— What is being asked —
Up to and including the line with "Used 2017 Ford", return every line from the start of the entries below exactly.

— Record excerpts —

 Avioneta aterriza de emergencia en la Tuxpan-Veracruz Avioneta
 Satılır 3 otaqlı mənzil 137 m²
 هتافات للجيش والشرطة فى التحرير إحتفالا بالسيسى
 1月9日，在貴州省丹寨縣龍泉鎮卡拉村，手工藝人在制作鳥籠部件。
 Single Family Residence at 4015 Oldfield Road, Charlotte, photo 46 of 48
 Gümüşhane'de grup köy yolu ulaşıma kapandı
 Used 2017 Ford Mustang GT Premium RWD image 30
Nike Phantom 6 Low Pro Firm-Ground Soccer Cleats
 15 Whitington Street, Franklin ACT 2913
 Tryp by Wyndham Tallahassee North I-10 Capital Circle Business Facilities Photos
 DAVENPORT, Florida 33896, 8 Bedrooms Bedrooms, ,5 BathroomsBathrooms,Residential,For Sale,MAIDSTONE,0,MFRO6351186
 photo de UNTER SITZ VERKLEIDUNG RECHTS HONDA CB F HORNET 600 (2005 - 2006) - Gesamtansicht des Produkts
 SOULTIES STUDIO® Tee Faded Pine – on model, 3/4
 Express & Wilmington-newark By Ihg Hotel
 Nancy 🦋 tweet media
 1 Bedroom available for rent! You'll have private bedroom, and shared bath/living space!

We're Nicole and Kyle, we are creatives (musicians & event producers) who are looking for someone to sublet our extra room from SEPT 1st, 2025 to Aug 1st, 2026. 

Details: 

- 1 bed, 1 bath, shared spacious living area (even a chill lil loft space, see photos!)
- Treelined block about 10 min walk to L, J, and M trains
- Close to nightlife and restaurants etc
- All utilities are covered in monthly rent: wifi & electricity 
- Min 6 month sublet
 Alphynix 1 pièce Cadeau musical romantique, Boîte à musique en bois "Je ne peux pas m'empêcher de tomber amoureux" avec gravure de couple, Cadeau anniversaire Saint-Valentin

— Answer section —
 Avioneta aterriza de emergencia en la Tuxpan-Veracruz Avioneta
 Satılır 3 otaqlı mənzil 137 m²
 هتافات للجيش والشرطة فى التحرير إحتفالا بالسيسى
 1月9日，在貴州省丹寨縣龍泉鎮卡拉村，手工藝人在制作鳥籠部件。
 Single Family Residence at 4015 Oldfield Road, Charlotte, photo 46 of 48
 Gümüşhane'de grup köy yolu ulaşıma kapandı
 Used 2017 Ford Mustang GT Premium RWD image 30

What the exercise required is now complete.